La malédiction de la Dame Blanche (USA, Michael Chaves, avril 2019) met en scène la Llorona, mère devenue fantôme après avoir noyé ses enfants, et condamnée à l’errance. Jean-Bruno Renard, professeur émérite de sociologie à l’Université Paul Valéry – Montpellier 3 et spécialiste des légendes urbaines, revient dans cet article pour Spokus sur les traces de cette célèbre Dame Blanche mexicaine, aux racines européennes et précolombiennes. Il interroge notamment sa survivance au XXe et au XXIe siècles en tant que légende urbaine, et sa signification dans le contexte latino-américain.

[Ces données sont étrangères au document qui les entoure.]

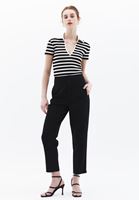 Women White/Black Polo Neck Tshirt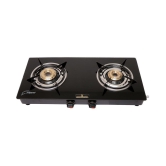 Goodflame Nano 2B Ms Bk Toughened Glass 2 Brass Burner Gas Stove(Manual Ignition,Black)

1. La légende de la Llorona
Le titre original du film qui sortira en salle le 17 avril 2019 est The Curse of La Llorona (La Malédiction de la Llorona). La légende de la Llorona est très ancienne et bien connue des Mexicains et des Américains d’origine mexicaine, notamment ceux qui habitent les États limitrophes du Mexique (Californie, Arizona, Nouveau-Mexique, Texas). Le réalisateur du film, Michael Chaves, est lui-même latino-américain. Un film au titre identique a été réalisé au Mexique il y a 58 ans, en 1961, par Rafael Baledón : La Maldición de la Llorona.
Quelle est cette légende ? La version la plus répandue est la suivante :
La Llorona [prononcez “Yorona”, qui signifie « la Pleureuse » en espagnol] est un fantôme, une femme vêtue de blanc qui marche dans la nuit et le brouillard, souvent près des cours d’eau, en pleurant, en gémissant et en appelant ses enfants perdus. De son vivant, cette femme a tué ses propres enfants en les noyant. Le ciel l’a condamnée à errer éternellement pour les rechercher. Dans certaines variantes de la légende, la Llorona menace ou attaque les personnes qu’elle rencontre et elle peut même enlever des enfants pour remplacer les siens.

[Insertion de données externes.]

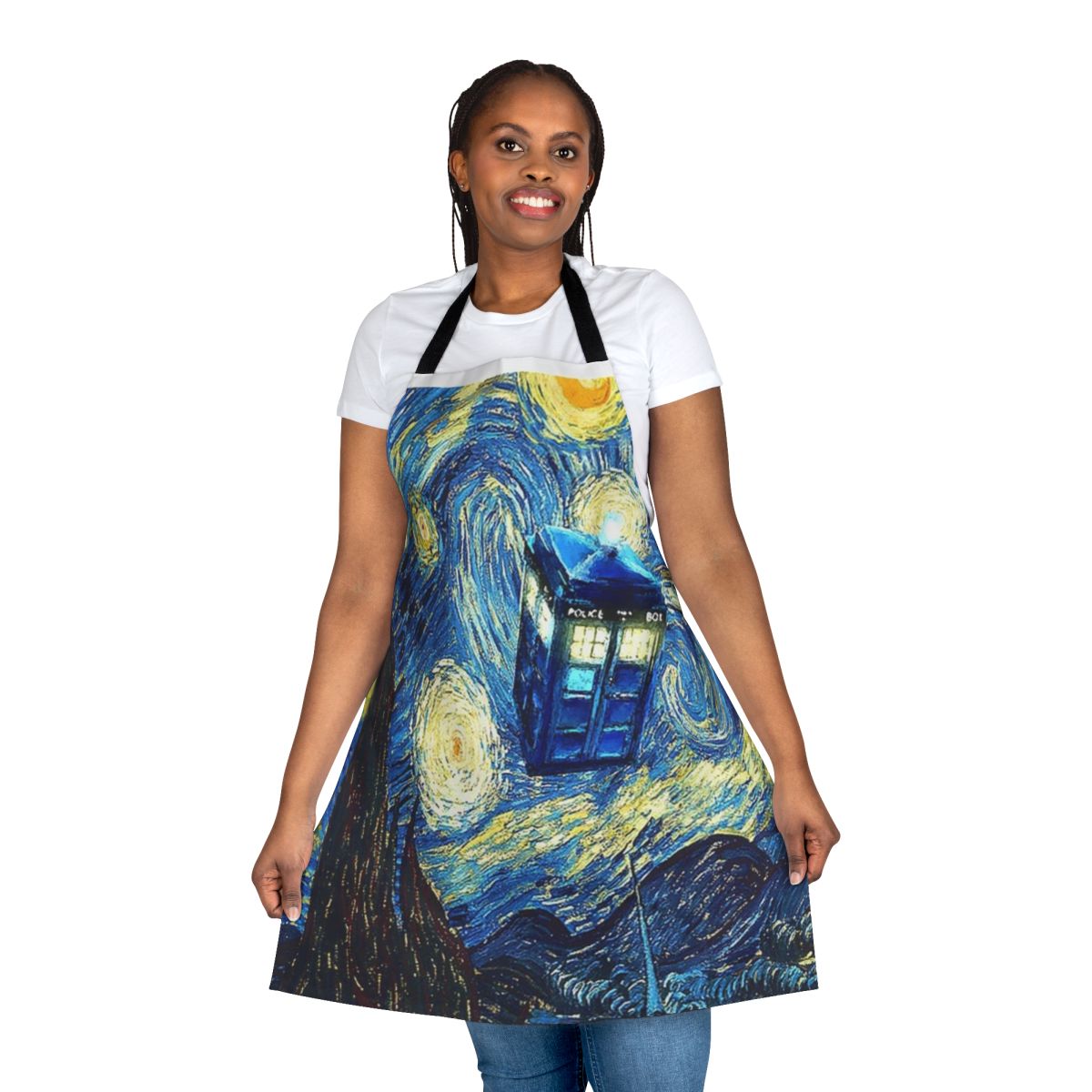 Starry night inspired apron with a Doctor Who theme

Des folkloristes ont étudié l’origine et la diffusion de cette légende. À l’image de la culture populaire mexicaine, la légende de la Llorona est une synthèse, effectuée au XVIe siècle, entre des éléments provenant de la culture européenne et des éléments issus de la culture précolombienne. D’une part, il s’agit de la figure européenne de la Dame blanche, une femme qui a vécu un malheur et revient après sa mort sous forme de fantôme, et tout particulièrement la légende allemande de « la Dame blanche de Cologne » (XIVe s.) qui raconte qu’une jeune femme séduite et abandonnée enceinte se venge en tuant l’enfant qu’elle a eu de son amant, devient folle, et se pend ; son fantôme apparaît la nuit, et ceux qui la rencontrent meurent dans les jours qui suivent (Kirtley, 1960). Le choix du titre français du film de Michael Chaves – La Malédiction de la Dame blanche – est donc justifié ! D’autre part, il s’agit de la divinité aztèque Cihuacoatl, déesse de la maternité, qui a abandonné son fils à un carrefour et y revient pour pleurer la disparition de son enfant (Barakat, 1965). La synthèse culturelle a réussi et le récit légendaire s’est répandu au Mexique, puis dans toute l’aire latino-américaine. Le récit a circulé sous forme orale, mais la littérature, la chanson, l’iconographie populaire et le cinéma se sont vite emparés de l’histoire (Arora, 1981 ; Perez, 2008), par exemple la pièce de théâtre de l’écrivain mexicain Francisco Neve, La Llorona, en 1893 et le film d’horreur La Llorona, dû au réalisateur mexicain Ramón Peón en 1933.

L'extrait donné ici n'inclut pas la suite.